Chancellor, Vice-Chancellor, Fellow Graduands, Ladies and Gentlemen:

It is a great honour that you do me this day and I must say it was very embarrassing to hear the nice words of the Public Orator; though I do have to say that he missed perhaps the most important factor in my life and that is luck.  When I was young I couldn't understand why Napoleon insisted that his Generals had to be lucky.   I think I understand it now.  For it has been my great good fortune that my working life has neatly spanned what is sometimes called the second industrial revolution - the start of the computer age. As a young Army signaller in 1945 I worked with many of those who had spent the war years intercepting the enemy's communications, and sending the resulting information on to Bletchley Park where that remarkable bunch of geniuses  stripped out the encoding to read the enemy's mail, something that of course gentlemen do not do!  Almost in passing they launched the computer age, building what were some of  the very first digital machines.  And then at TRE, the Telecommunications Research Establishment in Malvern in 1950 I heard Alan Turing lecture, though of course at the time most of us did not know that it was he who had been at the heart of that remarkable bunch.  But we did know that he had just written the long division routine for that Manchester University Baby computer which the Public Orator has just referred to. It had been designed largely by ex-TRE people and which first ran fifty years ago last month - as has been well documented by an Essex man, Professor Simon Lavington,  Incidentally, members of  that Manchester team subsequently moved to Essex to help found the computing department here.

At this other end of my career I spend some time, courtesy of the European Commission's funding, encouraging Quantum Computing and Communications research in Europe; for the last 50 years has been only the first chapter in the computer age.  There is much more to come, much more to discover and create - and Quantum Computing may be one way to open the next great chapter.   As well as doing some of the things that we cannot and indeed will never be able to do with classical computers, the quantum approach will lead to a revolution in the security of communications and may well eventually lead to teletransportation and eventually to "Beam me up Scotty" becoming a reality.  The quantum approach may even perhaps provide an explanation for how the brain achieves its miracles of computation and pattern recognition.  Of course, this is only a 'maybe'.

In between these two extremes, the alpha and omega of one man's career, I have been able to observe, perhaps even assist a little, in the steady convergence of computing and communications.  In these hard times I realise it is very difficult for universities to see through the mist, or perhaps it is a fog, that is generated by the funding depression.  But shortages can also sometimes act as a stimulus to change.
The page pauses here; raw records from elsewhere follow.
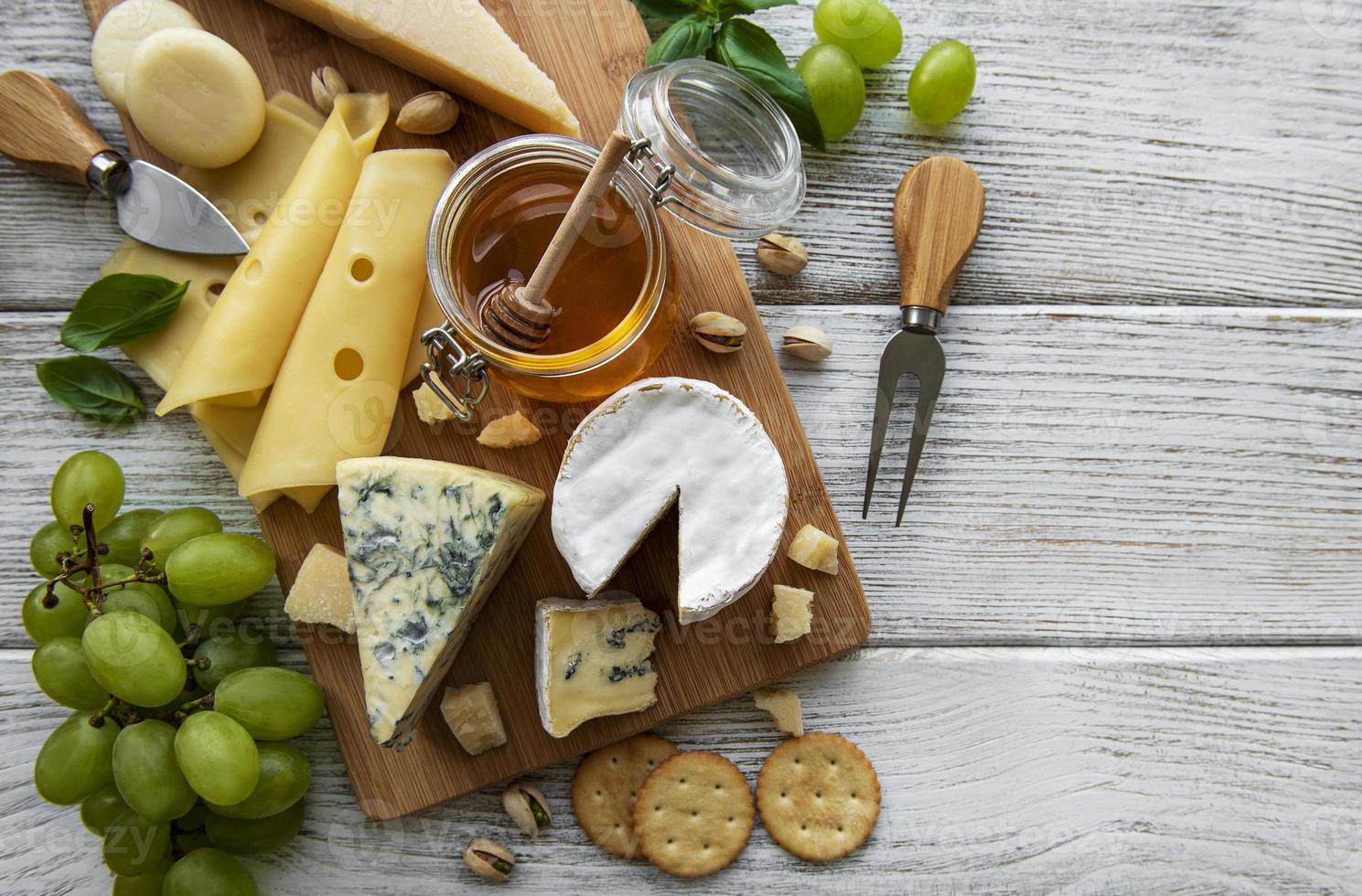 Various types of cheese  on a white wooden  background photo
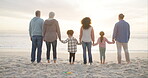 Generations, sunset and beach with back view on vacation with bonding on weekend with children. Big family, summer and holding hands at ocean for love or quality time on holiday and travel together. 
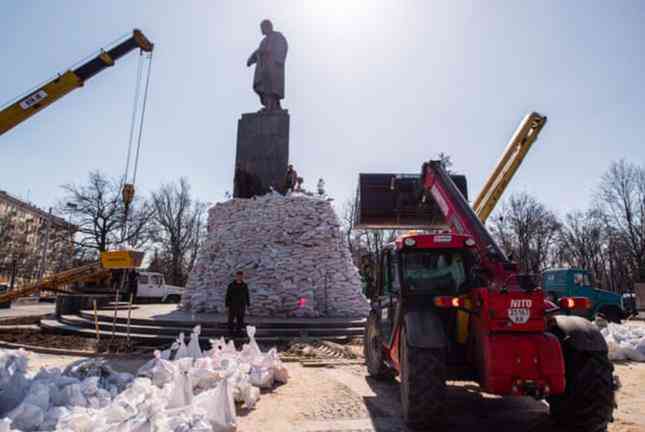 Các nhân viên đắp bao cát xung quanh tượng đài Taras Shevchenko ở Kharkiv để tránh hư hại trước bom đạn. (Ảnh: Guardian)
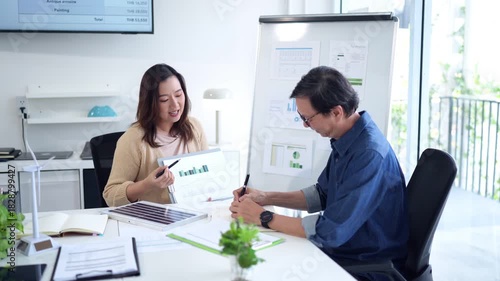 Asian business professional woman presents financial data to older man discussing sustainable energy strategies office meeting productivity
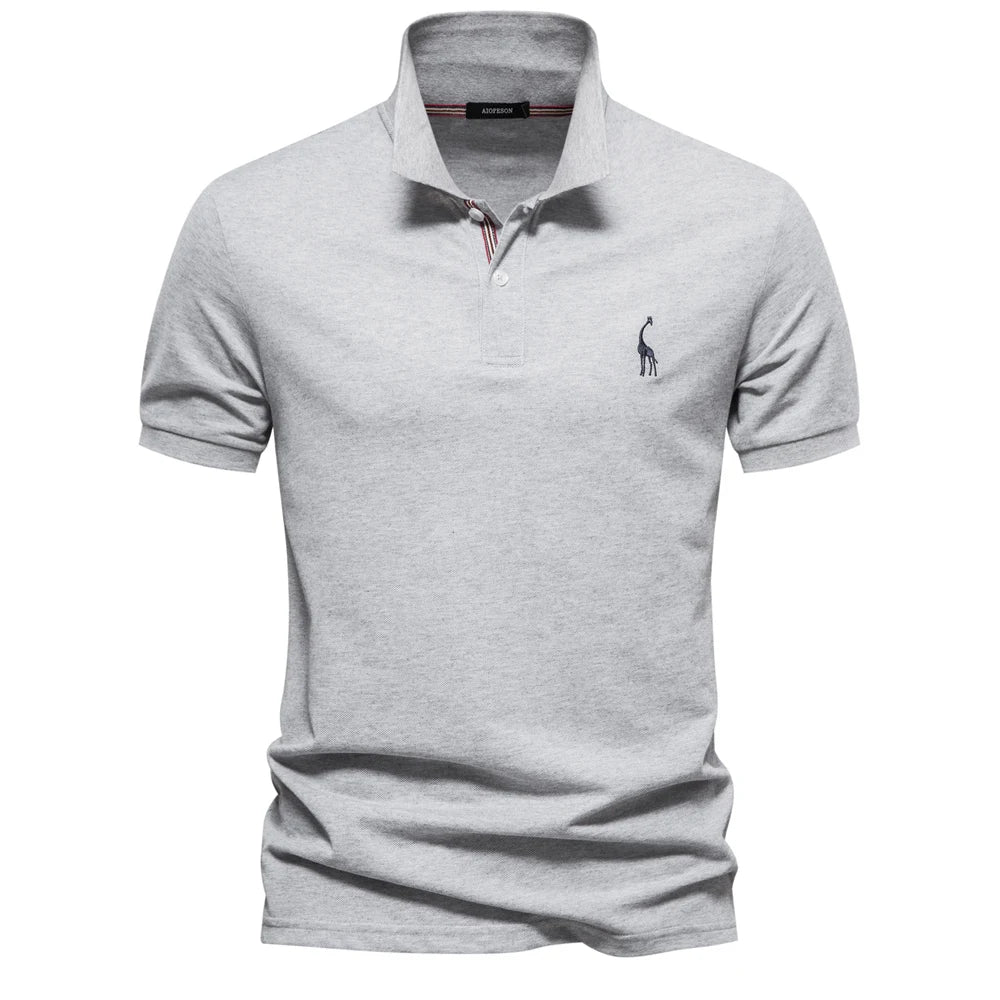 Polo en piqué gris clair chiné, col à liseré rayé et petite girafe brodée sur la poitrine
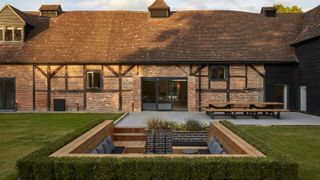 exterior of barn conversion with sunken garden seating area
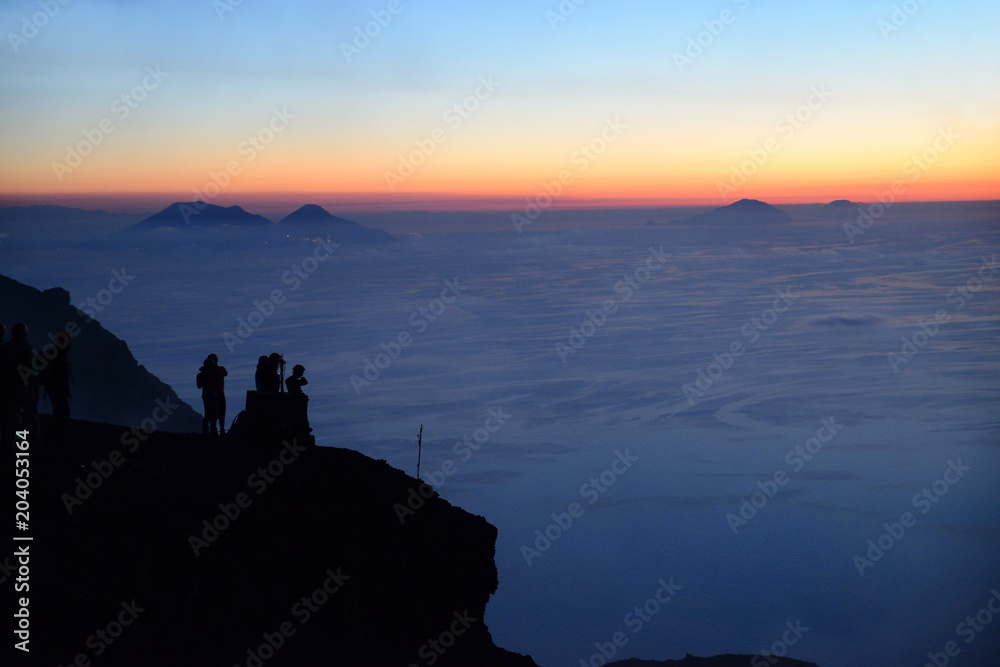Pleople on the summit of Volcano Stromboli enjoying the sunset and view of the Aeolian Islands, Sicily, Italy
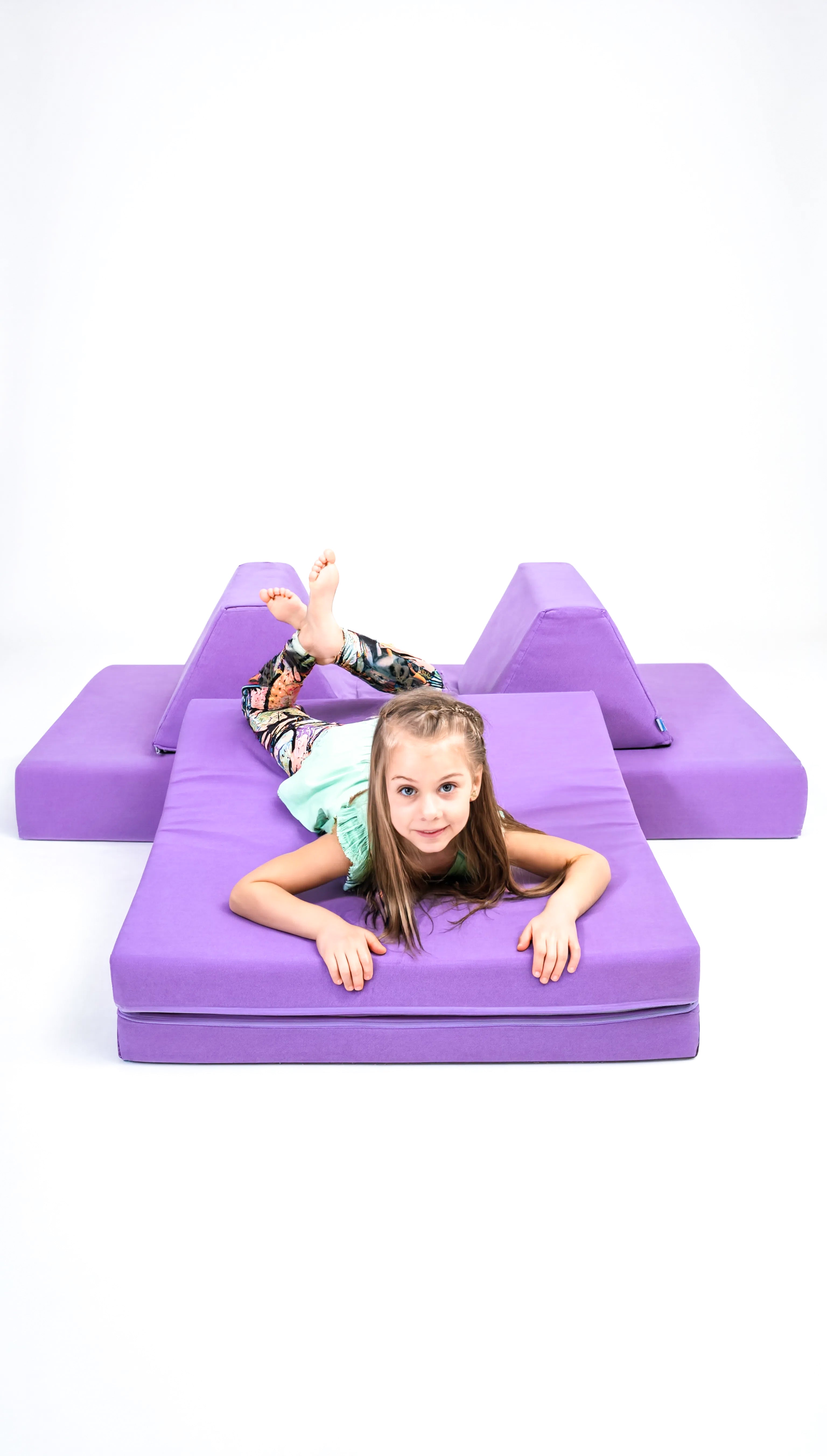 Child playing on a purple foam play set against a white background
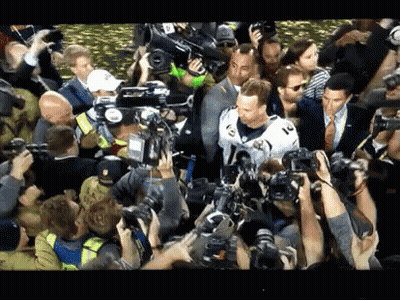 Man In White Jersey Surrounded By Crowd Taking Pictures GIF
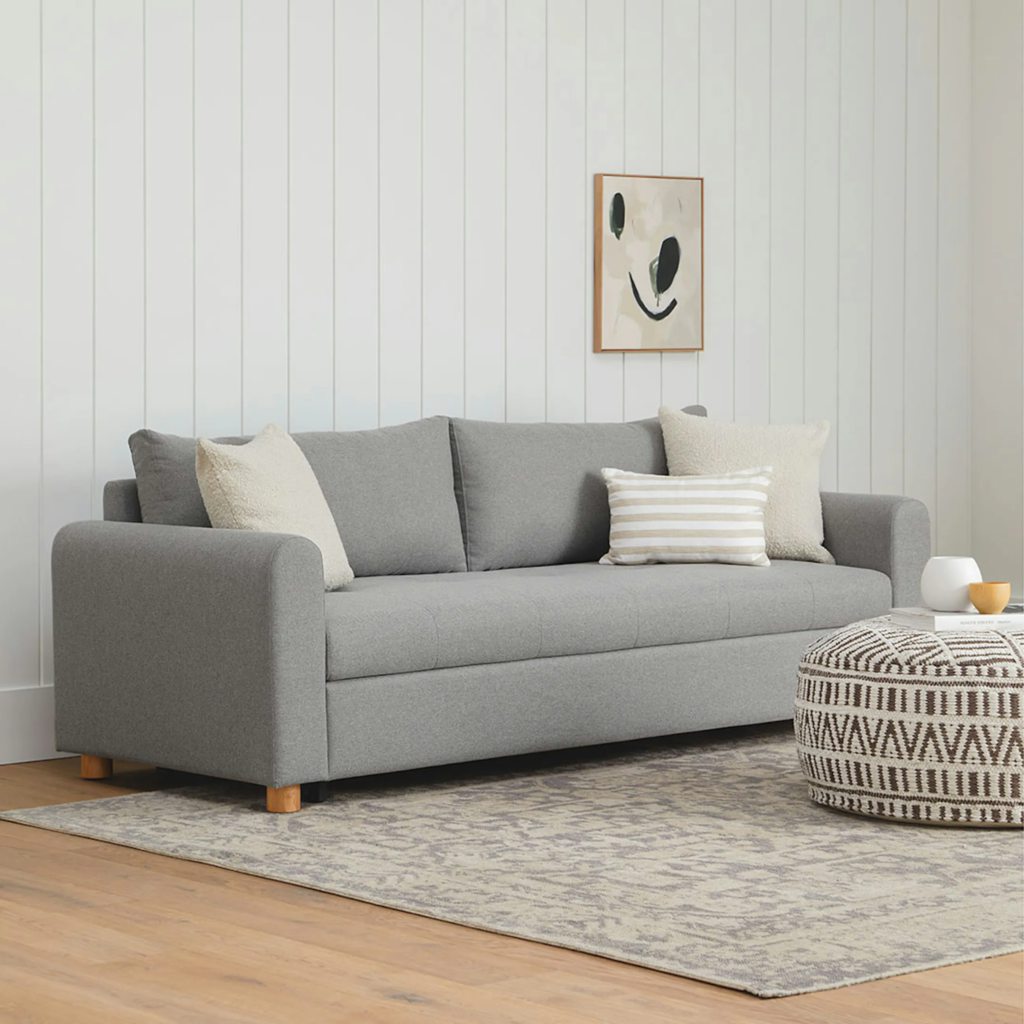 Gray upholstered sofa bed with throw pillows in a bright modern living room.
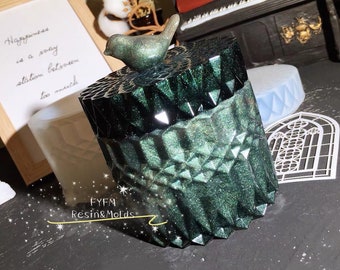 Può includere: Scatola in resina verde scuro sfaccettata con coperchio a forma di uccello. La scatola ha un design geometrico e una finitura glitterata. Il testo "FYFM Resin & Molds" è visibile. Sullo sfondo c'è una citazione incorniciata.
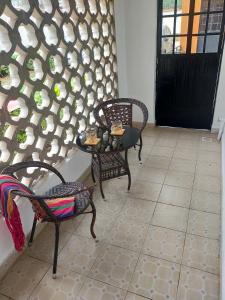 a room with two chairs and a table and a wall at Beautiful spacious room in Nairobi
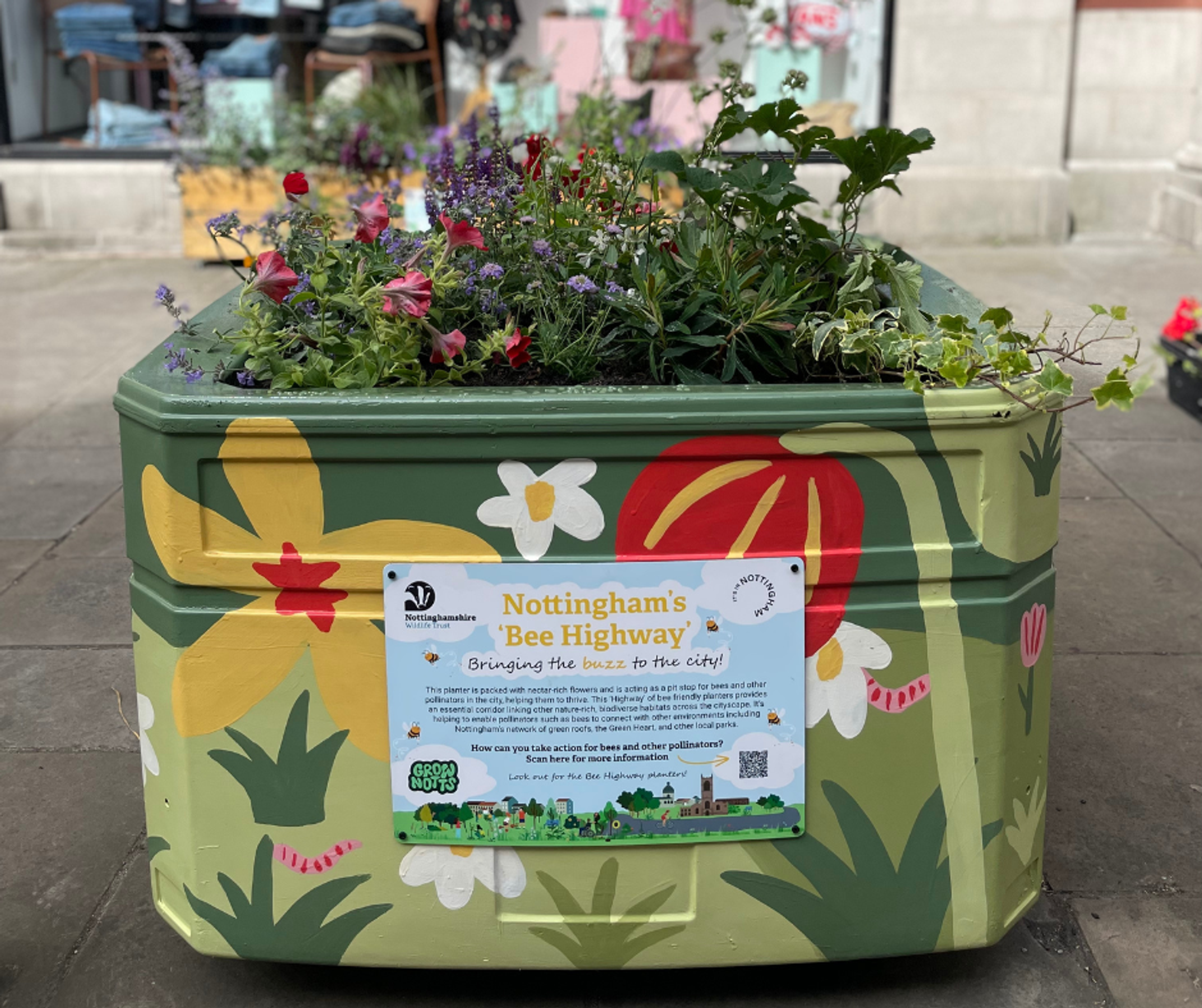 A coloured planter full of plants and a sign reading Nottingham's 'Bee Highway: bringing the buzz to the city!'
One change I would dearly like to see is more ready co-operation emerging between departments in our great universities.  This University is rare amongst British universities, indeed rare on the world scene, in having departments that are outstandingly strong in both elements of the second industrial revolution, in both computing and communications.  I am delighted to learn today that there are changes coming in the organisation here which will serve to bring those two departments closer together; and I think it is very brave of the University to tackle that, and wish the change all success.  This revolution  has depended not only on the conversion of information into knowledge, though perhaps not into wisdom, but also on communication of information - not just over distance but also between machine and man, and indeed man and man.  And that must be developed further as we advance into the future chapters of this revolution.

Now, you may observe that in this great revolution I have never really been a primary actor in the work, only an agent.  I would like to believe that the real actors that I have had the good fortune to work with, found me, well taken all in all, supportive and perhaps even at times encouraging and facilitating.  They also serve who only stand and wait.  Perhaps for that reason I am particularly delighted and immensely gratified that a University - and that this University in particular, with its twin strengths at the heart of the second industrial revolution - should have recognised me in this way.  In thanking you, may I wish the University every success in the part it will undoubtedly continue to play in the unfolding chapters of this revolution?